El vasto repudio que ha acabado por aislar socialmente al sanchismo tiene, entra tantas otras causas, una principalísima: la extravagancia legal. Un Gobierno titiritero en el balancín oportunista es ya de por sí un peligro público porque no hay socio político que no anteponga sus intereses a la conveniencia colectiva y menos, claro está, paradójicamente, cuando ese compadre resulta ser minoritario. No tienen más que considerar el derrotero de Sánchez huyendo sin cesar hacia delante con los sabuesos mordiéndole los calcañares, pero somos muchos quienes pensamos que si algo ha precipitado el desprestigio de este insensato frentepopulismo ha sido la extravagante política legislativa en que ha creído sustentarse, error tras error y pamplina tras pamplina.
En los amenes de ese régimen, semejante estrategia ha llegado a rozar realmente el absurdo con esas leyes de estricta obediencia ideológica que poco o nada tienen que ver con la necesidad real de la nación, y entre las cuales destacan la atrocidad antinatural de la ley “trans”, el ridículo neofranciscano de la dedicada a proteger el “bienestar animal” por encima incluso del humano y, en fin, el temerario engendro del “sí es sí” que ha supuesto, de hecho, una vuelta al sueño ácrata de las cárceles abiertas. ¿Cabe imaginar siquiera mayor alejamiento de una realidad abrumada por el empobrecimiento rampante, una deuda pública insensata y una progresiva ruina laboral, por no hablar del desconcierto judicial y el cuestionamiento delincuente de la unidad nacional que ha puesto en el alero la Constitución vigente?

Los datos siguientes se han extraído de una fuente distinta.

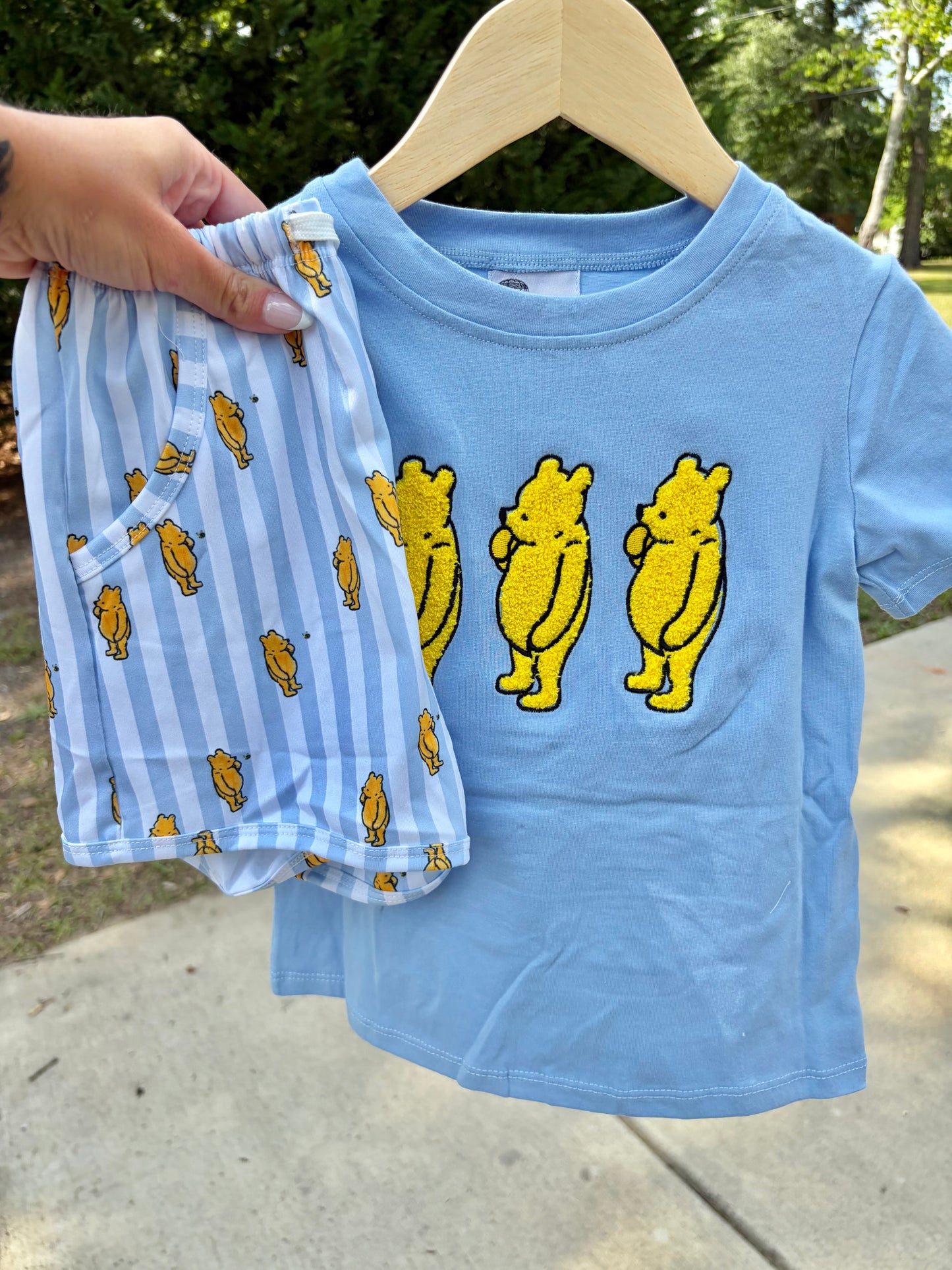 Pooh Short Set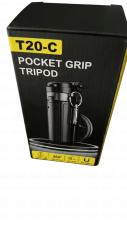 3 in 1 Extendable Magnetic Selfie Tripod Stick Mini Pocket Grip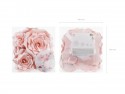 Fleurs en papier, rose, mélange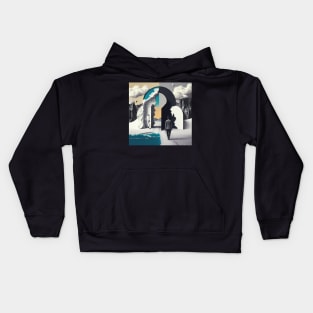 Surreal Collage #9 Kids Hoodie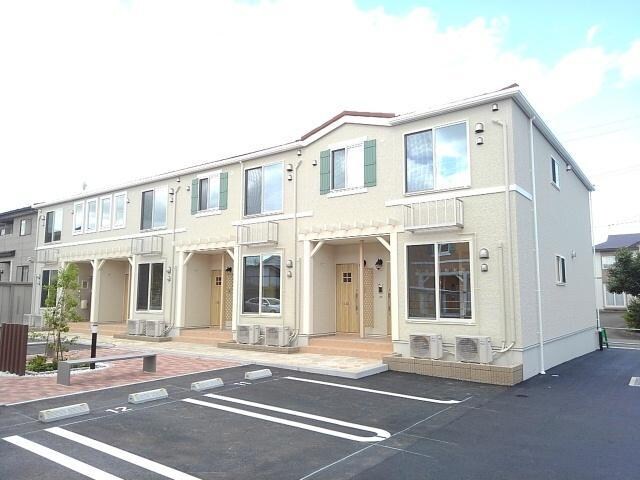 [大東建託]セレーノⅡ(三沢市)の物件外観写真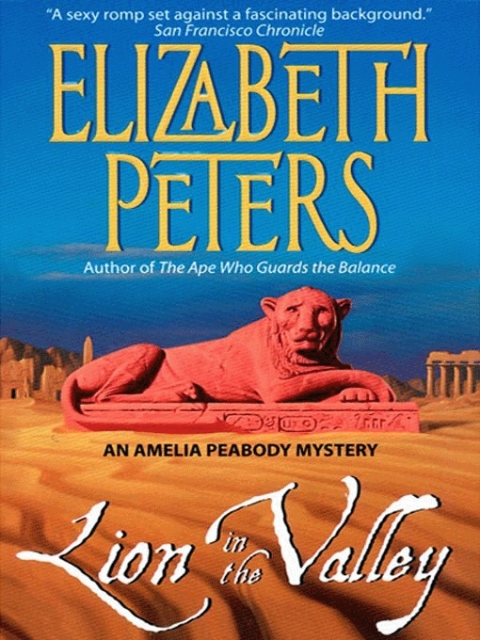 Cover image for book Lion in the Valley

De hecho, el sanchismo no ha podido resistir la catástrofe que supone la liberación legal de los violadores que, si no ha resultado suficiente para romper la baraja y con ella el Gobierno, ha sido por la razón elemental de que los/las mindundis de ese “Gobierno bonito” no tienen donde ir fuera del estrambótico mejunje en el que, dicho sea con perdón, los ha venido Dios a ver. Todos hemos asistido estupefactos a este costeado carnaval cuyo legado pivota en equilibrio inestable sobre el temerario hallazgo de las identidades mutantes, la atención a la zoología antes que a la humanidad o la extensión del renovado guerracivilismo al ámbito natural de los sexos. Hace poco nos enterábamos de que una de esas normas extravagantes vetaba el uso de motores en las piscifactorías para evitar la posible disforia que su ruido pudiera provocar en los peces. Cuando la memoria permita juzgar semejante calamidad, esta última anécdota acaso nos hará sonreír con tal de no llorar.